Content starts

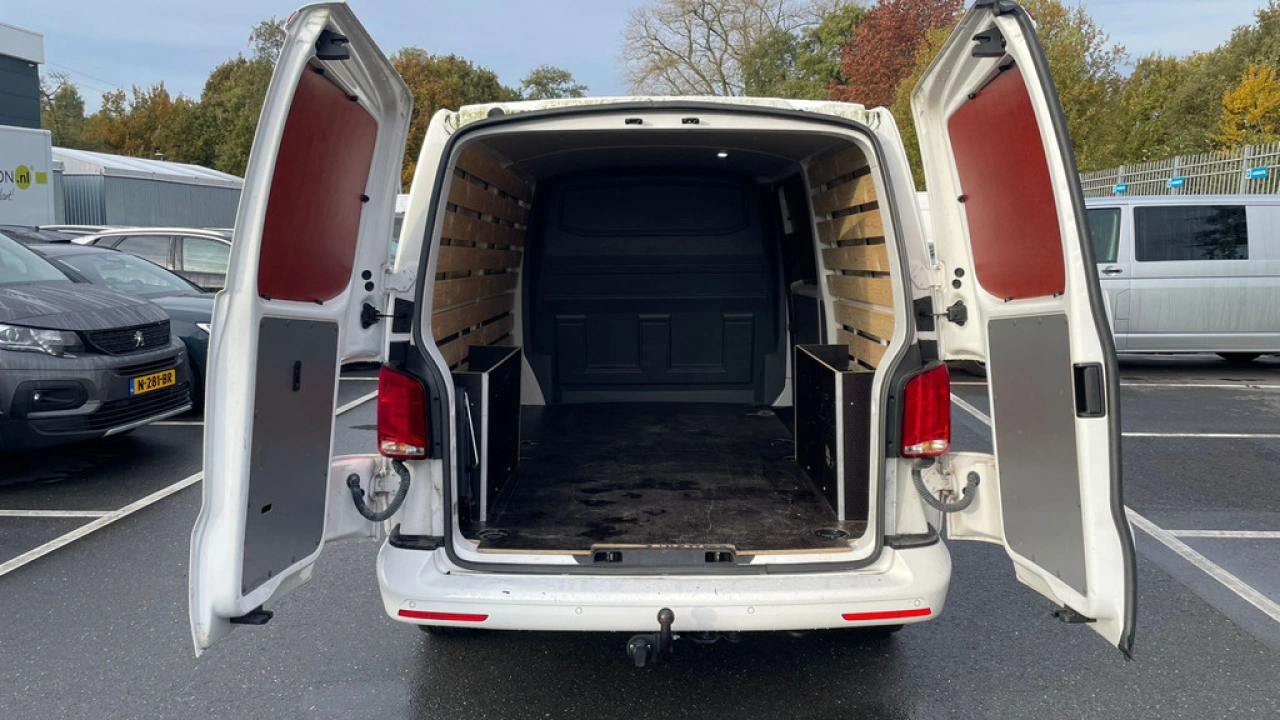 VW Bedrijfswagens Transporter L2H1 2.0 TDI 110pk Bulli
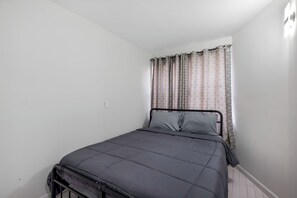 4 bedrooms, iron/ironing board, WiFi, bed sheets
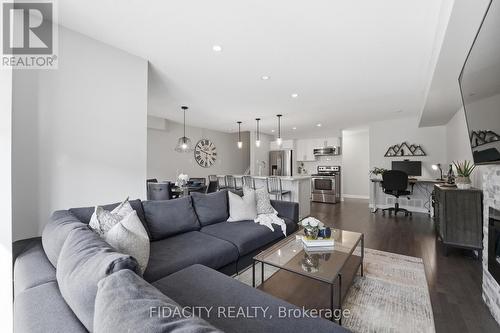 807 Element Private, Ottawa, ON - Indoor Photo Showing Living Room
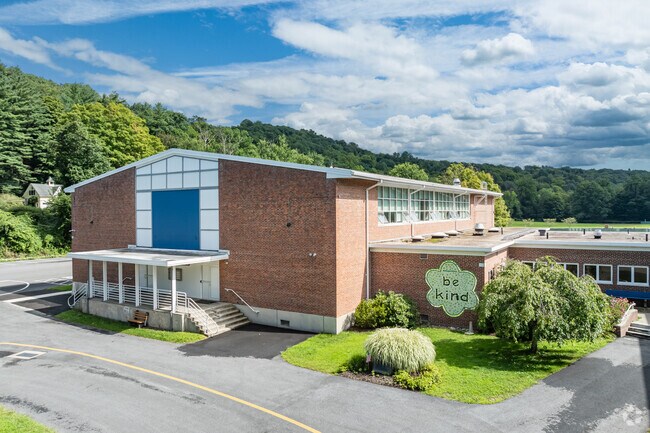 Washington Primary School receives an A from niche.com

Content ends
Content starts

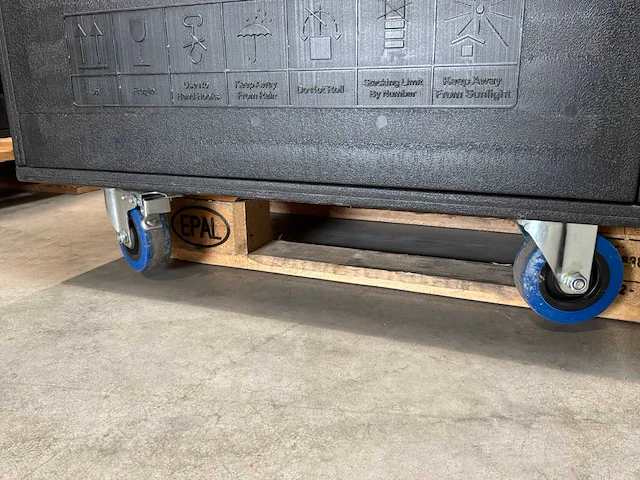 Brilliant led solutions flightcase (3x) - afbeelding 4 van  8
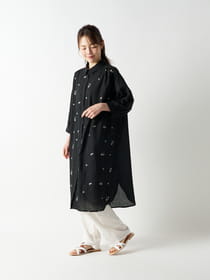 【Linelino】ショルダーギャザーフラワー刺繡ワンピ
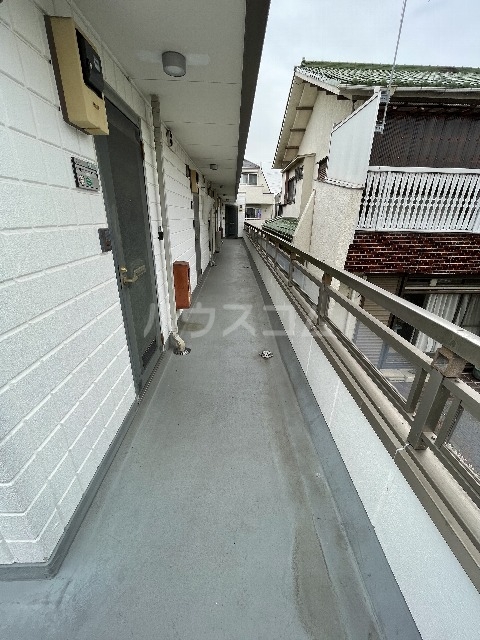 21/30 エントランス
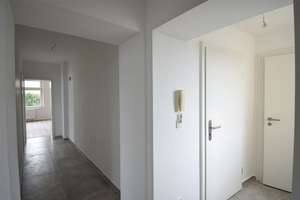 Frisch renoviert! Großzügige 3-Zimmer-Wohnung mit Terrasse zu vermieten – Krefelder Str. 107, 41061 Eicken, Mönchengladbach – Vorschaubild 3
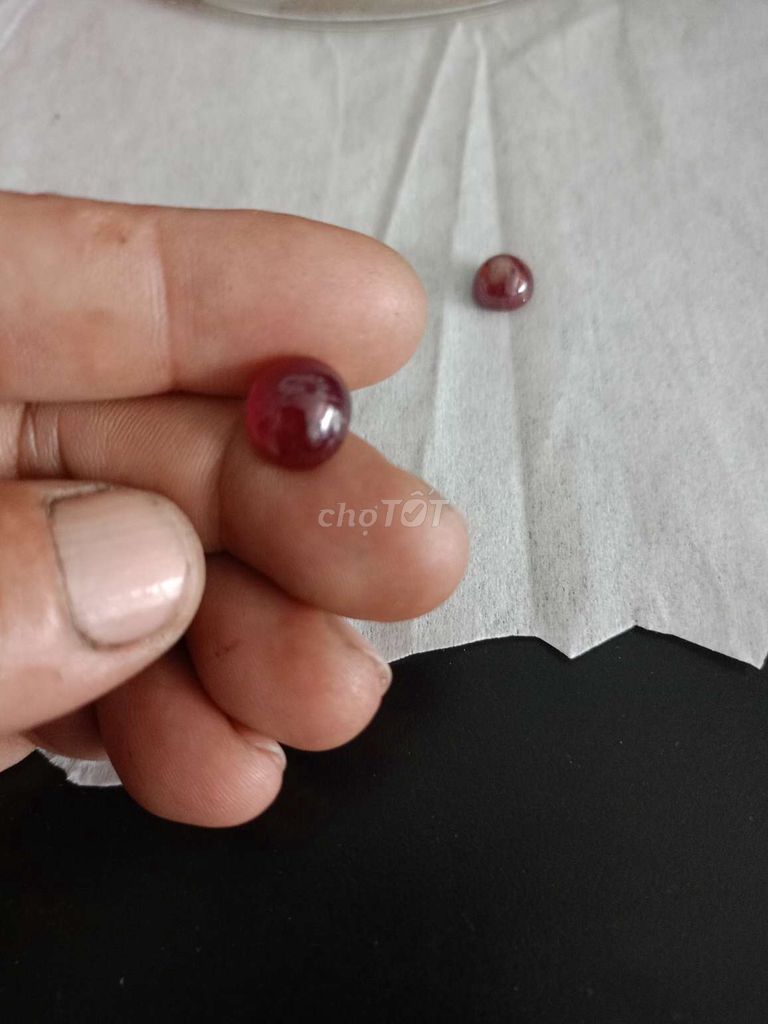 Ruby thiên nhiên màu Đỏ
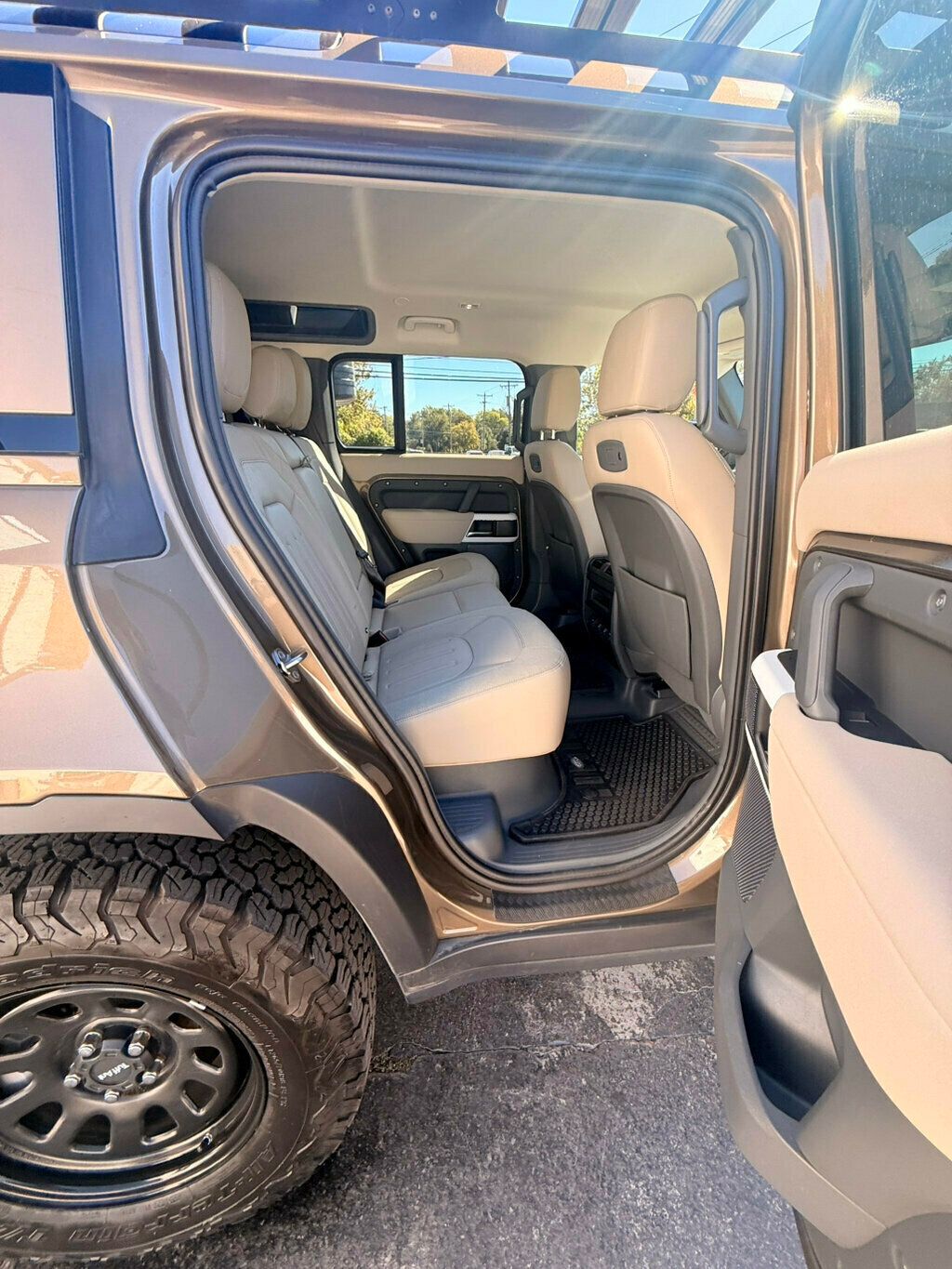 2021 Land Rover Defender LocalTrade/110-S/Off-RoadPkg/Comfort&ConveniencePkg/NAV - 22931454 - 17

Content ends

__Your task__
Start at the line containing "4 bedrooms, iron/ironing" above and stop at the line containing "Washington Primary School". Output those lines exactly, both included, but none of the pictures.

__The completed task__
 4 bedrooms, iron/ironing board, WiFi, bed sheets
 807 Element Private, Ottawa, ON - Indoor Photo Showing Living Room
 Washington Primary School receives an A from niche.com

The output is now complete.